■ WHAT THIS TASK INVOLVES
Transcribe every entry word for word, but drop the pictures.

■ AVAILABLE DATA
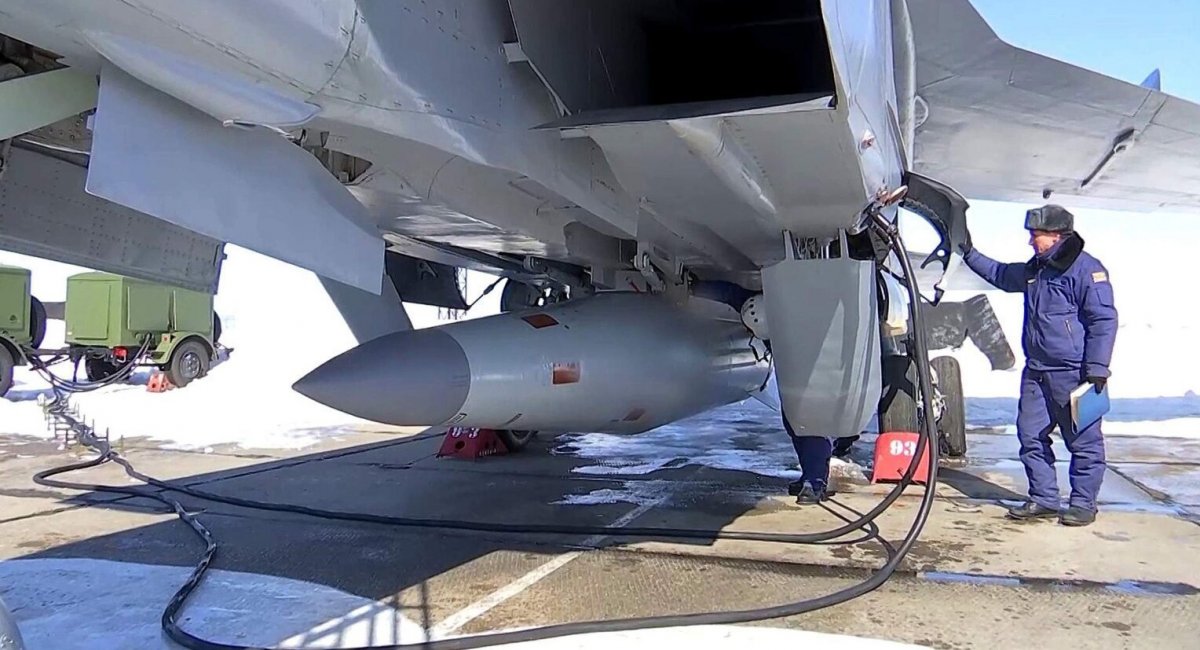 Die Russen haben offiziell bekannt gegeben, dass der Su-34-Kampfjet der vierten Generation zum ersten Mal die pseudo-hypersonische Rakete Kh-47M2 eingesetzt hat Die Russen haben offiziell bekannt gegeben, dass der Su-34-Kampfjet der vierten Generation zum ersten Mal die pseudo-hypersonische Rakete Kh-47M2 eingesetzt hat
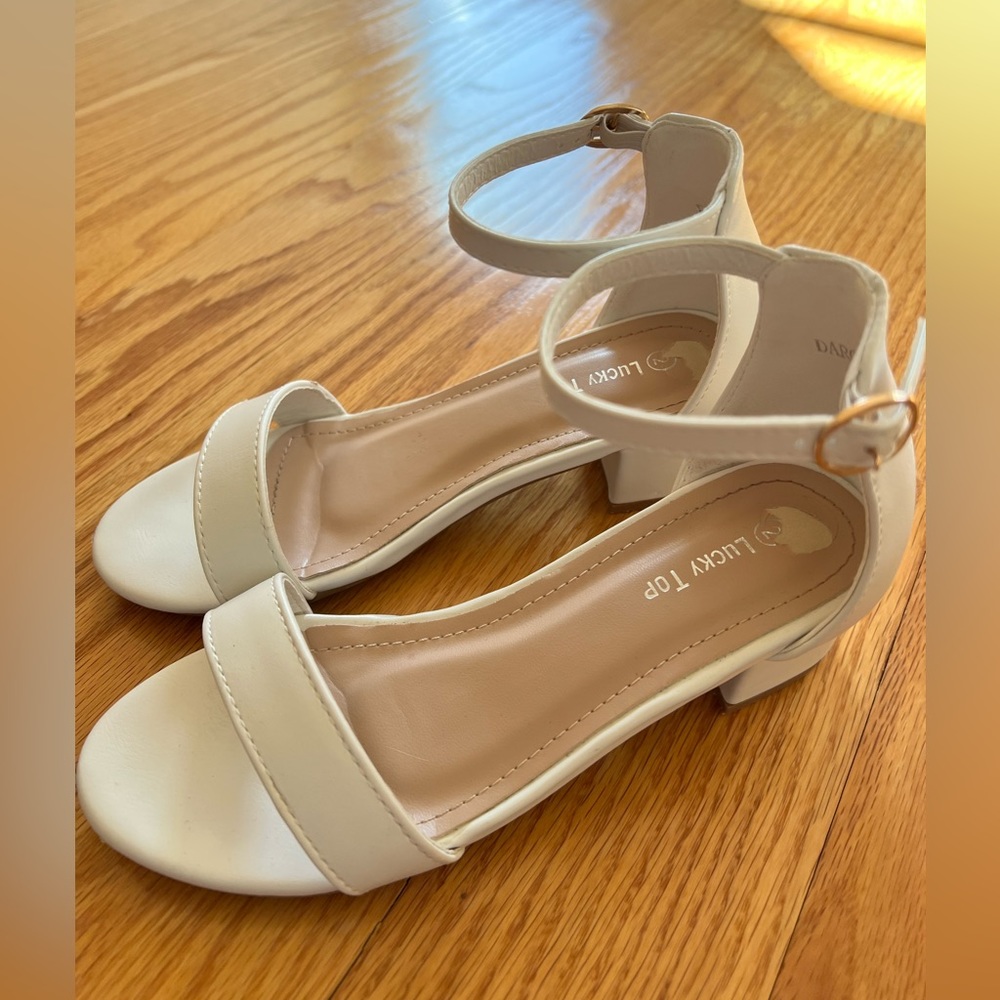 GIRLS size 2 white dress shoe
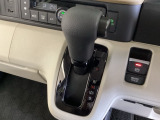 CVT車のセレクトレバーです。低速から高速まで、変速ショックのないスムーズな走りを実現するとともに、エンジン効率のよい領域を維持することで燃費にも貢献します。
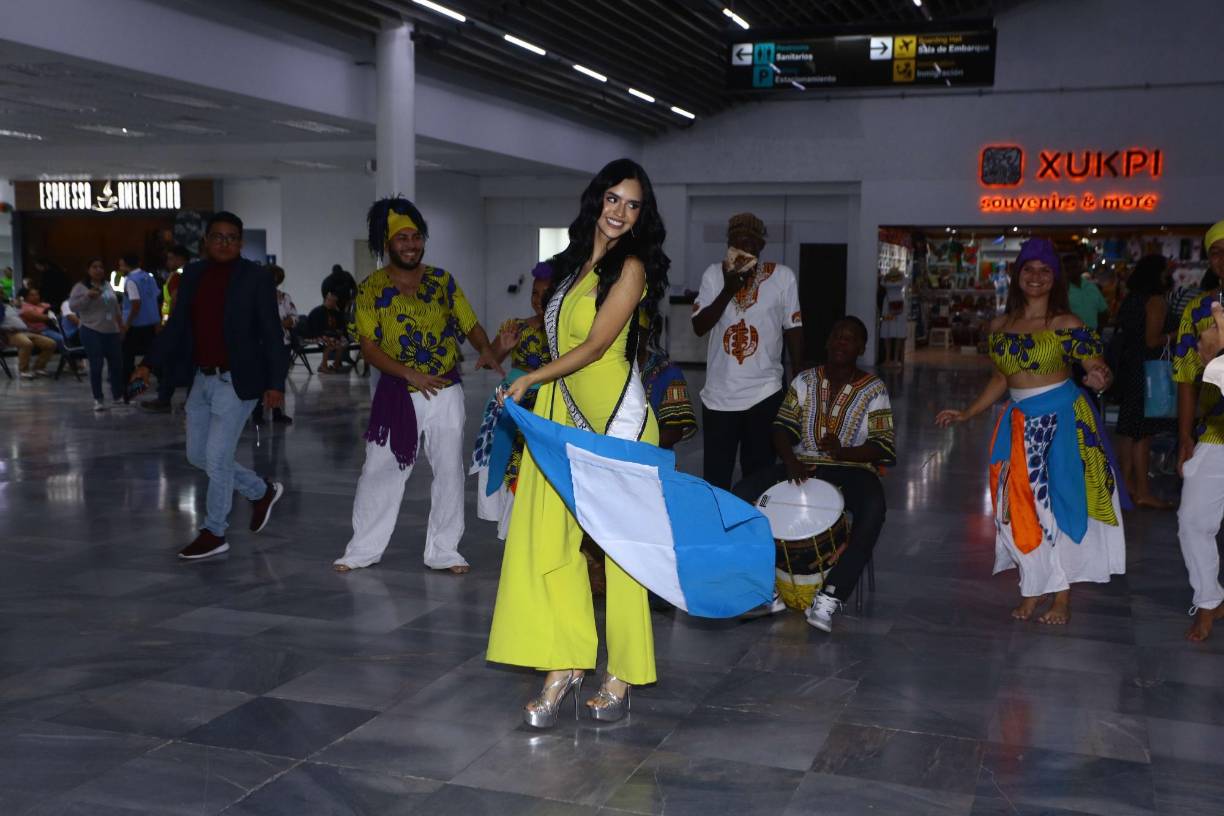 Los bailarines engalanaron el <b>recinto </b>con sus <b>coloridos trajes</b> garífunas y deleitaron con una percusión en vivo para poner un gran ambiente de fiesta y alegría. 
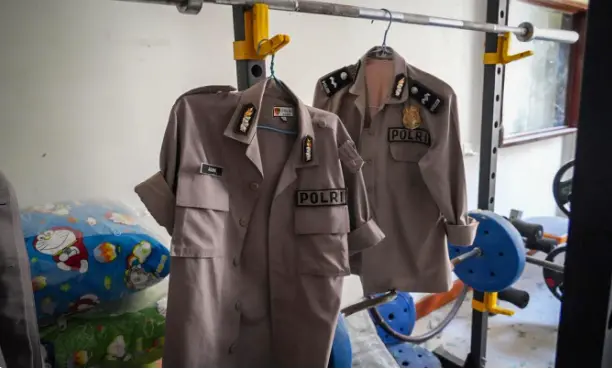 ����թ԰������һ�������ðӡ�ᾯ���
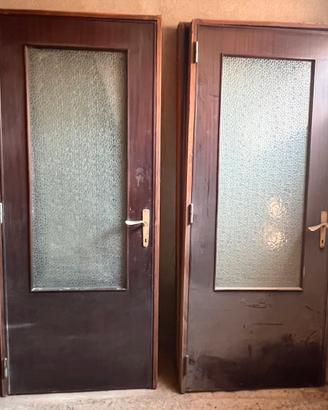 Porte tamburate con vetro.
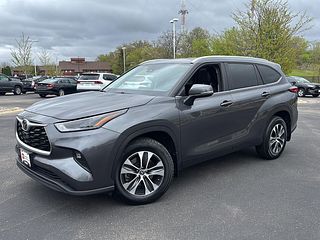 Thumbnail - 2023 Toyota Highlander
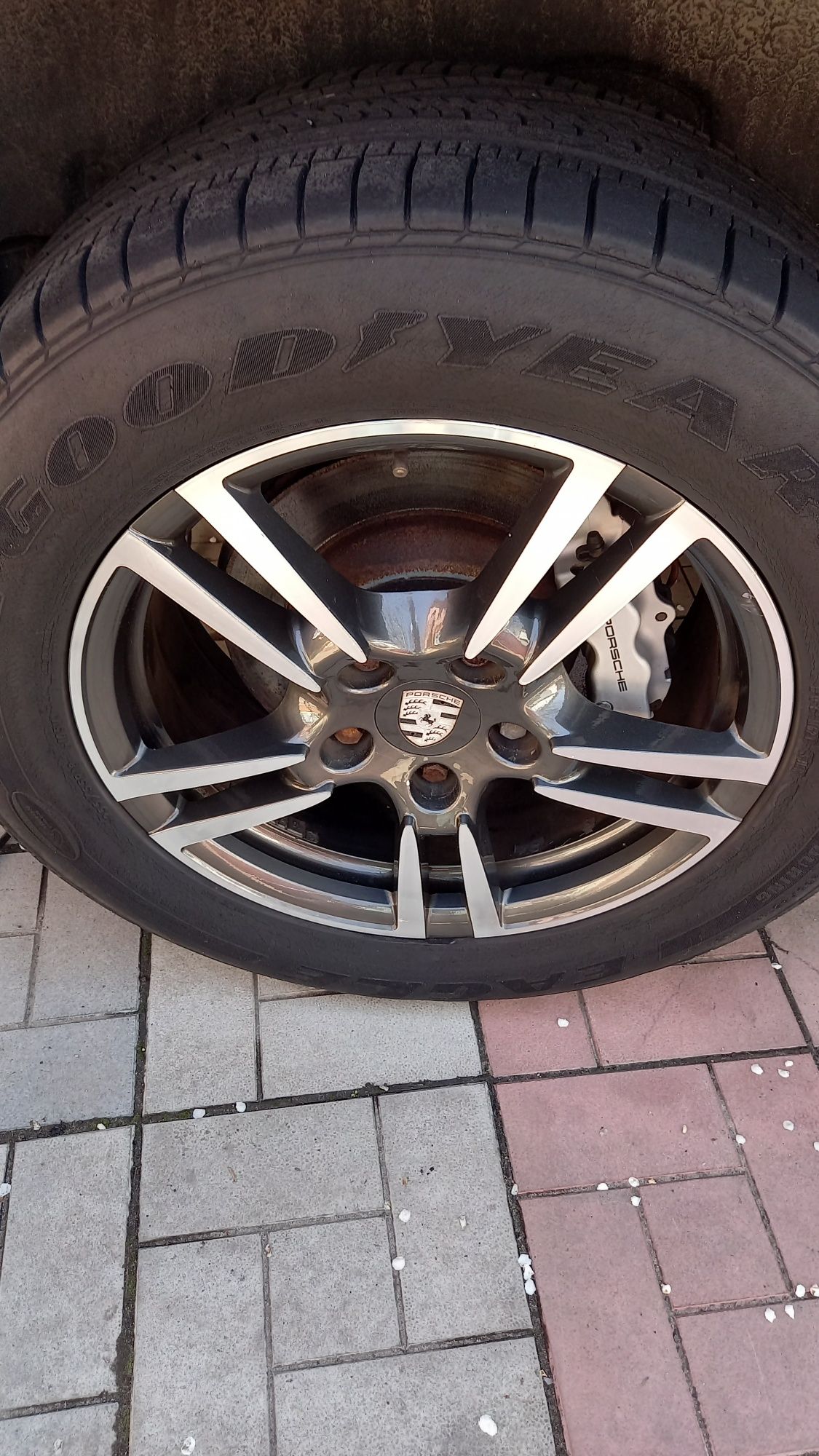 Колеса диски R-18 5×130резина 255/55/18 Порше Кайен Панамера Туарег Q7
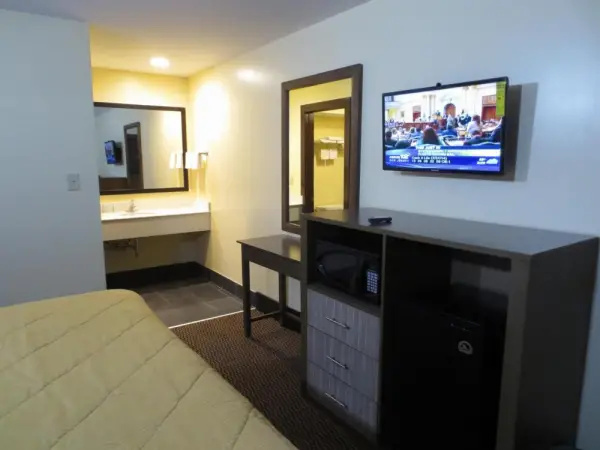 Brick Motor Inn 5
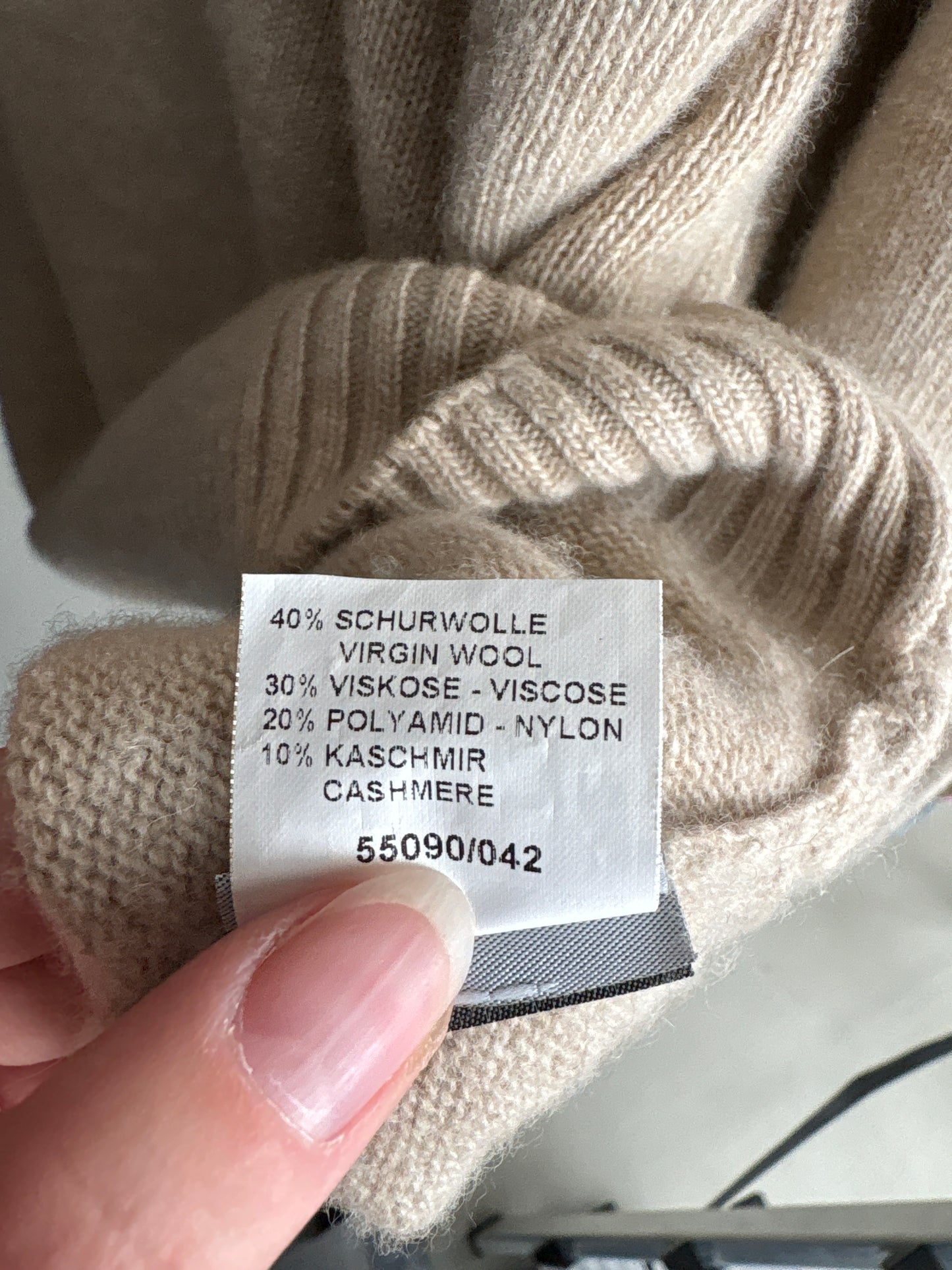 Pulover nude de brand luxury Pierre Cardin din lana extrafina cu cașmir în croi lejer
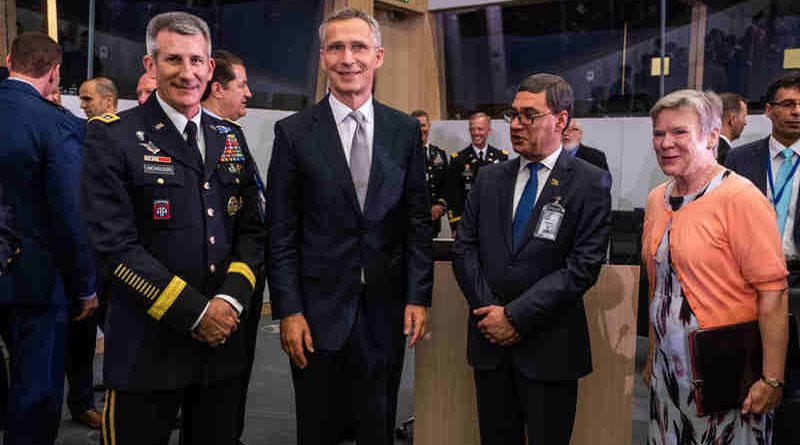 Left to right: General John W. Nicholson (Commander Resolute Support); NATO Secretary General Jens Stoltenberg; Tariq Shah Bahramee (Minister of Defence, Afghanistan); NATO Deputy Secretary General Rose Gottemoeller. Photo: NATO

■ WRITTEN RESPONSE
 Die Russen haben offiziell bekannt gegeben, dass der Su-34-Kampfjet der vierten Generation zum ersten Mal die pseudo-hypersonische Rakete Kh-47M2 eingesetzt hat Die Russen haben offiziell bekannt gegeben, dass der Su-34-Kampfjet der vierten Generation zum ersten Mal die pseudo-hypersonische Rakete Kh-47M2 eingesetzt hat
 GIRLS size 2 white dress shoe
 CVT車のセレクトレバーです。低速から高速まで、変速ショックのないスムーズな走りを実現するとともに、エンジン効率のよい領域を維持することで燃費にも貢献します。
 Los bailarines engalanaron el <b>recinto </b>con sus <b>coloridos trajes</b> garífunas y deleitaron con una percusión en vivo para poner un gran ambiente de fiesta y alegría. 
 ����թ԰������һ�������ðӡ�ᾯ���
 Porte tamburate con vetro.
 Thumbnail - 2023 Toyota Highlander
 Колеса диски R-18 5×130резина 255/55/18 Порше Кайен Панамера Туарег Q7
 Brick Motor Inn 5
 Pulover nude de brand luxury Pierre Cardin din lana extrafina cu cașmir în croi lejer
 Left to right: General John W. Nicholson (Commander Resolute Support); NATO Secretary General Jens Stoltenberg; Tariq Shah Bahramee (Minister of Defence, Afghanistan); NATO Deputy Secretary General Rose Gottemoeller. Photo: NATO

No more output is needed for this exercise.